Other vector-like functions can be implemented in much the same way and will have (as far as I can see) the same complexity (efficiency) as C++ vectors. Iterators would just be void* pointers to particular elements. Things like reserve() and capacity() are trivial.

Out of interest, I decided to have a look at how expensive the copy really is. These experiments were with gcc 4.7.2 with -O2 on a 64-bit Ubuntu box. I added some debugging lines to the code to print out when realloc needed to do a copy. This will provoke a copy every realloc:
Code:
   Vect *v = InitVect(sizeof(int));
   Vect *v2 = InitVect(sizeof(int));   
   int i;   
   for (i = 0; i < NUM; i++)
   {   
       push_back(v, &i);              
       push_back(v2, &i);                           
   }
Separating this into two separate loops gets rid of the copies for smaller reallocs, but for large reallocs (4MB and higher) a copy always takes place, and the memory is allocated from somewhere else.
I implemented a reserve, and did a reserve(NUM).

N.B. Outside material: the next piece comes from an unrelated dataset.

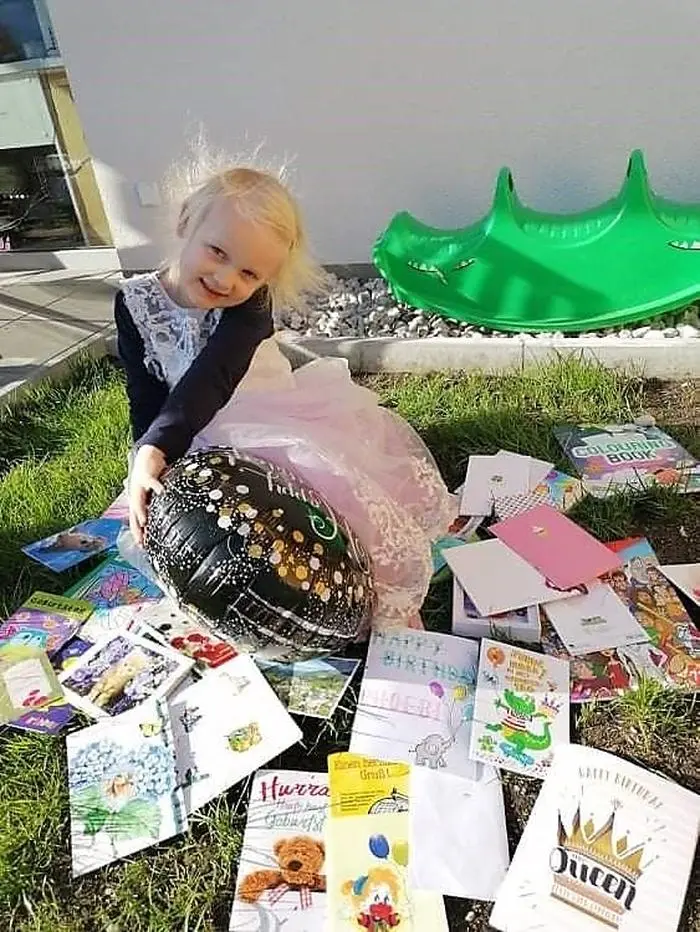 Phoebe und die vielen Grüße und Geschenke, die sie von der Facebook-Community zugesendet bekam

That got rid of all the copies except one, but the program didn't run any faster (according to the output of time).
I ran the test with valgrind --tool=callgrind, and had a look in kcachegrind. For large values of NUM (20000000), everything else is simply dwarfed by the time spent memcpying the elements into the vector. Realloc time is negligible.

For a small value of NUM (2000), realloc accounted for 1.8% of execution time when no copying took place, and 2.6% with the pathological interleaved push_back calls. To put that in context: the for loop in the test was responsible for 2.7%. Again, memcpy took the most time.

So given all that, I wouldn't worry about the time taken if realloc needs to do a copy.

Although this has been an interesting topic to investigate, I must say that if you're in love with std::vector, just use std::vector!